London Medway, part of the Peel Ports Group, has reported a substantial increase in trade on its unaccompanied freight service between the UK and France in recent weeks amid ongoing Dover delays
The cross-channel service, which is run by DFDS, has witnessed a 34 per cent increase in units in the last fortnight as congestion issues continue to plague South East ports.
The rise in demand for the service, between Sheerness and Calais, has seen individual vessels recently carrying more than 200 units and the route has proven extremely popular as a much-needed solution to ongoing delays.
The route also experienced a 30 per cent increase in unit volumes between April and June this year compared to the last six months of 2021, during a time when Dover again faced issues with P&O.
The volume increases on the service, which launched in June 2021, have exceeded market expectations and support Peel Ports’ long-term future in delivering a viable and sustainable alternative route for the UK’s supply chain.
Richard Goffin, Port Director at London Medway, said: “Peel Ports has argued for many years that the solution to the South East congestion is simple.
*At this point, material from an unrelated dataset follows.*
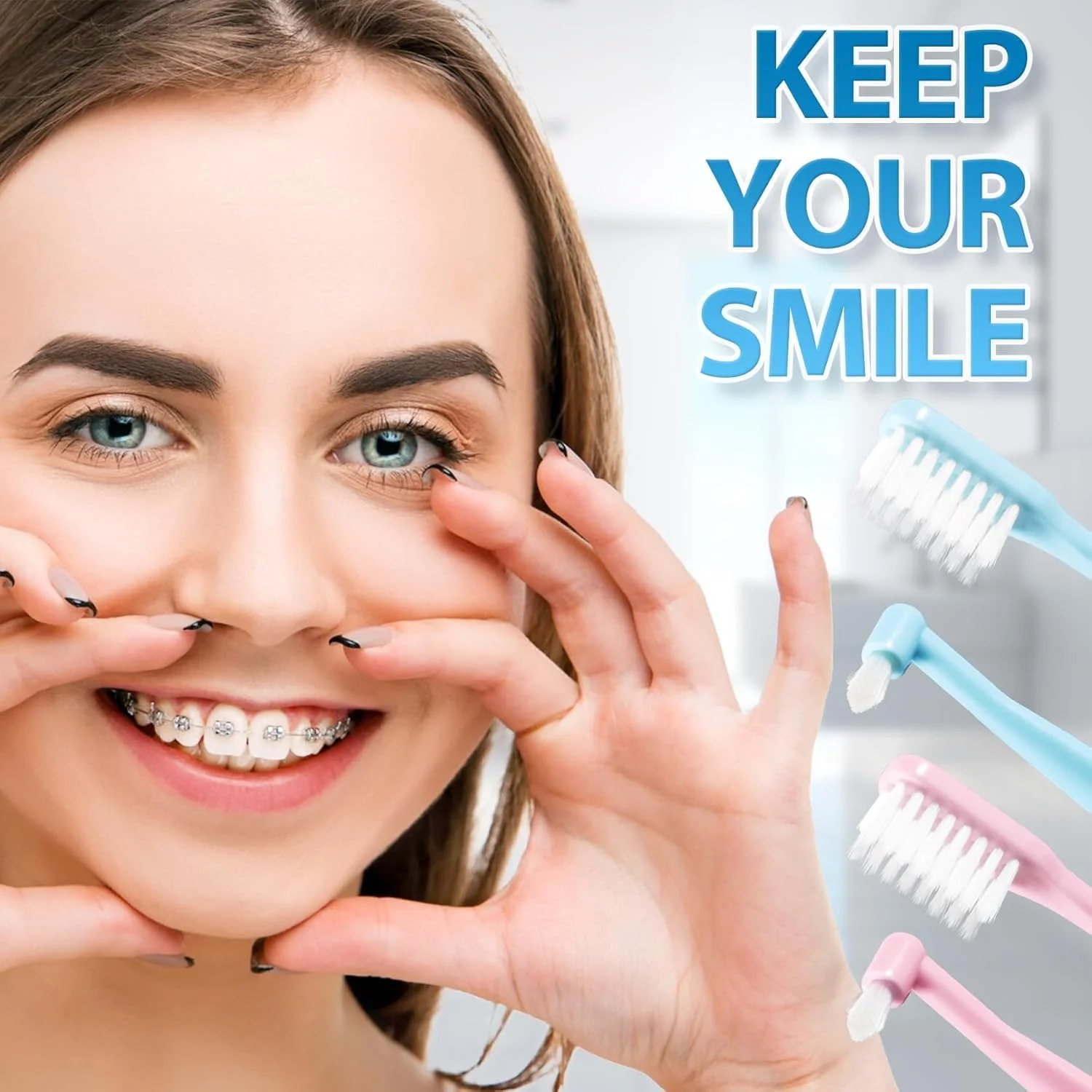 مسواک دسته دار 6 عددی، مسواک ارتودنسی دو سر، مسواک با برس های V شکل، مسواک تک دسته باریک، مسواک دستی برای نوجوانان و بزرگسالان، برای تمیز کردن دقیق براکت ها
Rather than travel as accompanied freight, cargo that is non-perishable can move on unaccompanied services through more reliable routes such as London Medway.
“Although the sea-leg is longer, routing via regional ports such as London Medway is just as efficient as the existing options through the Dover Straits, as road miles are reduced. These journeys also allow for clearance checks to be completed without the pressure of a 90-minute crossing increasing throughput and capacity.
“We’ve become dangerously reliant on Dover and the Channel Tunnel, with 75 per cent of the trailer freight market between north-west Europe and Britain passing through this pinch point. The solution provided by DFDS and London Medway evidently works and it’s fantastic to see such a strong increase in trade, demonstrating the willingness of our supply chain to consider alternative route options that increase efficiency.”
Unaccompanied freight, which sees trailers and containers shipped without a driver, is seen by some in the industry as a major way of overcoming challenges with customs delays, driver shortages and storage.